Ren Wen Noodle Factory, a brand new restaurant that opened just two weeks ago at 7 Great Neck Rd., aims to connect a community of like-minded people who share the same love of noodles. The restaurant hopes to expand an “evolving noodle culture” and to “establish a new standard for quality noodles” by creating new dishes inspired by both local and global food trends.
Owners Ching Sun Wong and Stanley Wong created a restaurant modeled on noodles bringing together people of all ages, races and sexes. Both are principals at Wonton Food Inc., one of the country’s leading wholesale producers of noodles and dumpling wrappers, ensuring that ingredients are of highest quality possible.
This attention to detail is seen throughout the restaurant’s modern decor: Wooden tables are covered with candles, soy sauce and bright red hot oil; metal stools provide a contemporary ambiance to the brightly lit dining room; menus are displayed on small televisions that are situated above the spacious counter; and an open kitchen filled with state-of-the-art equipment.
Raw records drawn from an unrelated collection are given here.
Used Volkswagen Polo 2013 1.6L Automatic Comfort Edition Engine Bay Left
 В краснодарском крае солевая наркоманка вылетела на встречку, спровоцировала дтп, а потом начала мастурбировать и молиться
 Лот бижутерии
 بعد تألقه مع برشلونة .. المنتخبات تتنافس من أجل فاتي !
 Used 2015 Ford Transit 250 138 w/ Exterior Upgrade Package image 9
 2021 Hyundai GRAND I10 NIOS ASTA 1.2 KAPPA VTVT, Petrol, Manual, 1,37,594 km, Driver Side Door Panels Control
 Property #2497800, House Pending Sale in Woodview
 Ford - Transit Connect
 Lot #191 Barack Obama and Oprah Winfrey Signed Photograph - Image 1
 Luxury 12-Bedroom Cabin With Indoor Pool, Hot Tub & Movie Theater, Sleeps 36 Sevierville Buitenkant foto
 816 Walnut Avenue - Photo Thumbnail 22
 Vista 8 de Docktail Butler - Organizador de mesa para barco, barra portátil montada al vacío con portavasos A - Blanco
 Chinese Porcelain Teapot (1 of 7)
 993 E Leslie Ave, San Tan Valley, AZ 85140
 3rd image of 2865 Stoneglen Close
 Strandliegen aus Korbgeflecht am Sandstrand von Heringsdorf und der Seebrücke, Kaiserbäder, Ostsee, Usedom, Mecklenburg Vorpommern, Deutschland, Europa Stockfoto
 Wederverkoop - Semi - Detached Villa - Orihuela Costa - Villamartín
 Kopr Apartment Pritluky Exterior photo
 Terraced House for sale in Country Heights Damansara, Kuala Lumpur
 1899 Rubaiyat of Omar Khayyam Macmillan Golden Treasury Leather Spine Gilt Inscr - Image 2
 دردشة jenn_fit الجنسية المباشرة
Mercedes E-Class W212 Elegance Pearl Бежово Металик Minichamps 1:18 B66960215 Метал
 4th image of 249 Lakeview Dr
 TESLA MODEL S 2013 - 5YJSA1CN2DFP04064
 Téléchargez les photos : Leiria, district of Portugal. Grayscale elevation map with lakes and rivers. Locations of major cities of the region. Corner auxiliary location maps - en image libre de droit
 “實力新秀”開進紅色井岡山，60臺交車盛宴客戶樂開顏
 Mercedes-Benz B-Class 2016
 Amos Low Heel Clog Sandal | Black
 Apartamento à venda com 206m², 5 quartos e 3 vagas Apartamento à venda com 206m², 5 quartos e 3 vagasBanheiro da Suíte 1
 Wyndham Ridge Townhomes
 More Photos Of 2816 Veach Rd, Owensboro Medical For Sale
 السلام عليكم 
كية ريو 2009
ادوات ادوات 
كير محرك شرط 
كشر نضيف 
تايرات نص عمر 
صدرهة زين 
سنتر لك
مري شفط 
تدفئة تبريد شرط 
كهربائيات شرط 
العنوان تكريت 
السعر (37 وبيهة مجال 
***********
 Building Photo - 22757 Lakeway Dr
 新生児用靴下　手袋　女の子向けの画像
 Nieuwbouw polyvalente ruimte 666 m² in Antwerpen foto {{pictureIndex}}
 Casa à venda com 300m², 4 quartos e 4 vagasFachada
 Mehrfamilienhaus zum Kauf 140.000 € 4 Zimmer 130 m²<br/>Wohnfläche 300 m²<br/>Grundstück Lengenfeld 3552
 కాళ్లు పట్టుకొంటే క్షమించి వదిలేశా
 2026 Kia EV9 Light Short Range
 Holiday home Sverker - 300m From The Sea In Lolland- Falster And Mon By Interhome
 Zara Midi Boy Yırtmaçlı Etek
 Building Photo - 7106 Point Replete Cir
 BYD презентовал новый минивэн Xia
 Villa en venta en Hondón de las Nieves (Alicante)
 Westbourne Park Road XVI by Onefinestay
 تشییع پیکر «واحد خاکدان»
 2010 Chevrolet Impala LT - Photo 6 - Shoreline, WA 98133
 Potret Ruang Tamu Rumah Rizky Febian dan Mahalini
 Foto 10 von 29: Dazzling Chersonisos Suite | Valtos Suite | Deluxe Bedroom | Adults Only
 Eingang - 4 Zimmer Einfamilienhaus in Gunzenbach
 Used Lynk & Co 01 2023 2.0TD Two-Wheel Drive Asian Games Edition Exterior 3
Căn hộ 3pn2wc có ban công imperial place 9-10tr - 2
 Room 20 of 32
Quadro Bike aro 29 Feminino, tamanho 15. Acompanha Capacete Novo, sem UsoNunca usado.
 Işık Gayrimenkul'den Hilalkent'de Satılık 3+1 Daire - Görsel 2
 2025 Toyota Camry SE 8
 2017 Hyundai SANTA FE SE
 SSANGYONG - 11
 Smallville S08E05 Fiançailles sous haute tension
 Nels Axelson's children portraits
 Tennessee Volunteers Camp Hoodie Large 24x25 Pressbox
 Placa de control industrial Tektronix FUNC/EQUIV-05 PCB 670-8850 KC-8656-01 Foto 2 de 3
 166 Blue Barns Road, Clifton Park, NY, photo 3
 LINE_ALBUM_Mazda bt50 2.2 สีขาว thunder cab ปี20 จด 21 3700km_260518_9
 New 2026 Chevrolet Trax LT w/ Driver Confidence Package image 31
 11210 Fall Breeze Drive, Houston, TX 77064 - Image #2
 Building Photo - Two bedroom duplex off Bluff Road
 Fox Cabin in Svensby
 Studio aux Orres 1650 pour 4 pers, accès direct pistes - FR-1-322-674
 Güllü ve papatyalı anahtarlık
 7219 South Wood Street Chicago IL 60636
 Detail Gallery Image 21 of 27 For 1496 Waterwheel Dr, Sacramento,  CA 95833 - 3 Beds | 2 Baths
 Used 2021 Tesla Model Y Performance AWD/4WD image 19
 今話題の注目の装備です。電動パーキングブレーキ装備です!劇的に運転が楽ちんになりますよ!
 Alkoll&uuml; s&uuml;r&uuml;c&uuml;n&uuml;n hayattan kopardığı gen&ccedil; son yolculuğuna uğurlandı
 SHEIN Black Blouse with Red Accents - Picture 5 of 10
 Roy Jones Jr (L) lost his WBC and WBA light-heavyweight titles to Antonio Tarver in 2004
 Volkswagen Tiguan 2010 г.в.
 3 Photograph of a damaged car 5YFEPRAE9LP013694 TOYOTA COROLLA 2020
The defining feature of this restaurant is a gorgeous mural depicting people of all ages and races indulging in piping hot bowls of noodles, a testament to the premise this eatery was founded on. Although orders are placed at the counters, waiters bring food over to the tables—and the service is fantastic; everyone was smiling and accommodating.
The menu features a variety of creative takes on traditional Asian delicacies. Appetizers ($4 to $7) range from pickled vegetables to sticky ribs prepared with spicy Gochujang pepper sauce with house-made kimchi to tiger prawn dumplings. The only salad, kale and apple ($7), combines Asian ingredients, like Kimchi apple vinaigrette, with local ingredients, such as heirloom tomato and asparagus. The soups ($12 to $14), reminiscent of ramen, each feature an array of ingredients not typically found together, such as five-spice chicken with spinach, carrots, seared mushroom, onion and corn. Sauce noodle bowls ($9 to $13) consist of different styles of noodles like soba or flat chow fun-esque noodles with accompanying meats and vegetables like minced pork with Vidalia onion and Sichuan peanut.
I tried the Three Little Pigs, a soup bowl with pork belly, pulled pork American BBQ style, braised mushrooms, caramelized onions and roasted corn, all in a golden chicken and pork broth. The soup had a perfect balance of savory from the pork to sweet from the onion and corn to spicy from a bit of hot oil. Ramen noodles were perfectly springy, the pork belly had a nice balance of meat to fat and the pulled pork added an interesting Western element to a Japanese-inspired dish. I also sampled Grand’s short ribs, a noodle bowl with “Grandma’s noodles,” which are similar in shape to chow fun, topped with Chinese celery, cilantro and pickled mushrooms. The noodles, yet again, were stellar, and the beef had a pleasant aromatic taste from the cilantro.
Although Ren Wen places an emphasis on its homemade noodles, the inviting ambiance, friendly staff and creative risks the owners took when crafting the menu highlights how the overall dining experience, not just noodles, unites the community and elevates the traditional approach to Asian cuisine.